# Diagrama Samsung pl43d490a1d



## betos (Ago 2, 2018)

Colegas gracias por aceptarme en el grupo.Solicito el diagrama de una pantalla samsung pl43d490a1d muchas gracias


----------



## Emis (Ago 2, 2018)

Hola, que inconveniente tienes referente a ese diagrama?


----------



## betos (Ago 2, 2018)

Emis buenos dias .este tv inicia con la activavion del relevador e inmediatamente se desactiva

	Mensaje automáticamente combinado: Ago 2, 2018

ya  desconecte las tarjetas y deje la fuente y la tarjeta main solamente y ocurre lo mismo


----------



## Emis (Ago 2, 2018)

La fuente funcióna correctamente? 

Tenes instrumentos para hacer las comprobaciones?


----------



## Fogonazo (Ago 2, 2018)

betos dijo:


> Colegas gracias por aceptarme en el grupo.Solicito el diagrama de una pantalla samsung pl43d490a1d muchas gracias



*Reglas generales de uso del foro*

*02)* Utiliza siempre títulos descriptivos.
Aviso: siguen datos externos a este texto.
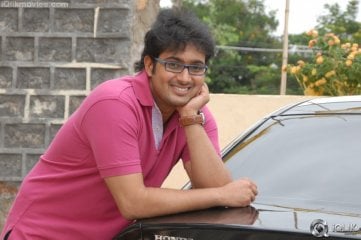 Uday Kiran Birthday Special Photos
Evita usar "Hola", "Ayuda por favor", "Urgente", "Auxilio". etc. *"Diagrama"* *NO *describe *NADA*


----------



## betos (Ago 2, 2018)

Emis el voltaje Vs de 205 volts esta presente al encender el tv. tambien el voltaje Va de 58 volts pero inmediatamente despues de encenderlo se cortan


----------



## DOSMETROS (Ago 2, 2018)

Mide si tienes los 5V del Stand-by , si lo tienes desconecta la main y puentea esos 5v con pwr-on mediante una resistencia de 1k. Si aparecen todos los Voltajes , la fuente estaría bien.


----------



## betos (Ago 2, 2018)

DOSMETROS ya puse la resistencia de 1k y los voltajes no aparecen


----------



## DOSMETROS (Ago 2, 2018)

Fijate el número de chasis para buscar el diagrama


----------



## betos (Ago 5, 2018)

dos metros disculpa por escribir hasta el dia de hoy,estuve revisando y encontre que la fuente de alimentacion tiene el modelo BN44-00442A y tambien la usan los modelos PN43D450   PL51D490    PL50D450


----------



## DOSMETROS (Ago 5, 2018)

Con esos números busca el diagrama !


----------